§ The task: Print the data that follows exactly.

*** Opening of Dataset content ***

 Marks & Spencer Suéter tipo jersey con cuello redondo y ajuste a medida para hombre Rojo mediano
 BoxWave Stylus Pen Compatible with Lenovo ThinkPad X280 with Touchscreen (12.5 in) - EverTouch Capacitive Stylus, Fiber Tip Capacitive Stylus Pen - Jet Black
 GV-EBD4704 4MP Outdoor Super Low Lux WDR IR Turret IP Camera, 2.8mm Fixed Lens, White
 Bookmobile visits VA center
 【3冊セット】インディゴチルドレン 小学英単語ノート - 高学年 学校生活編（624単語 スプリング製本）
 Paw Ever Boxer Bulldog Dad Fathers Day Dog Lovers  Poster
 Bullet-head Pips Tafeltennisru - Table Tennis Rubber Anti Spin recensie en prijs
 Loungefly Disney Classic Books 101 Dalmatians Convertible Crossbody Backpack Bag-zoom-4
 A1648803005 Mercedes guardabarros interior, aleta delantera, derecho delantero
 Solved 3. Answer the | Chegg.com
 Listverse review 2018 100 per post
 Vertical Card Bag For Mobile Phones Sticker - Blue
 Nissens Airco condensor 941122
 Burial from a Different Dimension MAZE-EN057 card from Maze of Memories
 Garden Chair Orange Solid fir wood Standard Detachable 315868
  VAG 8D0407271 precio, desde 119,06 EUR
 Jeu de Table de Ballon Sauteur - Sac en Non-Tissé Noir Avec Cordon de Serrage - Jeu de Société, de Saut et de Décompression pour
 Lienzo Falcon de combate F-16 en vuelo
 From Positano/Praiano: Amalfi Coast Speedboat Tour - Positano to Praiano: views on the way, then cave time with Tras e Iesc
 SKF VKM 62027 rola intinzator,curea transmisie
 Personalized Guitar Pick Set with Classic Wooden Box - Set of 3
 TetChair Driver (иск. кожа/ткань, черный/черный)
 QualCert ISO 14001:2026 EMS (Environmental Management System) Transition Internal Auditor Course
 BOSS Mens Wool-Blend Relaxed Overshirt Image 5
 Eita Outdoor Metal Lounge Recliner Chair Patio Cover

*** Close of Dataset content ***

§ Task answer:
 Marks & Spencer Suéter tipo jersey con cuello redondo y ajuste a medida para hombre Rojo mediano
 BoxWave Stylus Pen Compatible with Lenovo ThinkPad X280 with Touchscreen (12.5 in) - EverTouch Capacitive Stylus, Fiber Tip Capacitive Stylus Pen - Jet Black
 GV-EBD4704 4MP Outdoor Super Low Lux WDR IR Turret IP Camera, 2.8mm Fixed Lens, White
 Bookmobile visits VA center
 【3冊セット】インディゴチルドレン 小学英単語ノート - 高学年 学校生活編（624単語 スプリング製本）
 Paw Ever Boxer Bulldog Dad Fathers Day Dog Lovers  Poster
 Bullet-head Pips Tafeltennisru - Table Tennis Rubber Anti Spin recensie en prijs
 Loungefly Disney Classic Books 101 Dalmatians Convertible Crossbody Backpack Bag-zoom-4
 A1648803005 Mercedes guardabarros interior, aleta delantera, derecho delantero
 Solved 3. Answer the | Chegg.com
 Listverse review 2018 100 per post
 Vertical Card Bag For Mobile Phones Sticker - Blue
 Nissens Airco condensor 941122
 Burial from a Different Dimension MAZE-EN057 card from Maze of Memories
 Garden Chair Orange Solid fir wood Standard Detachable 315868
  VAG 8D0407271 precio, desde 119,06 EUR
 Jeu de Table de Ballon Sauteur - Sac en Non-Tissé Noir Avec Cordon de Serrage - Jeu de Société, de Saut et de Décompression pour
 Lienzo Falcon de combate F-16 en vuelo
 From Positano/Praiano: Amalfi Coast Speedboat Tour - Positano to Praiano: views on the way, then cave time with Tras e Iesc
 SKF VKM 62027 rola intinzator,curea transmisie
 Personalized Guitar Pick Set with Classic Wooden Box - Set of 3
 TetChair Driver (иск. кожа/ткань, черный/черный)
 QualCert ISO 14001:2026 EMS (Environmental Management System) Transition Internal Auditor Course
 BOSS Mens Wool-Blend Relaxed Overshirt Image 5
 Eita Outdoor Metal Lounge Recliner Chair Patio Cover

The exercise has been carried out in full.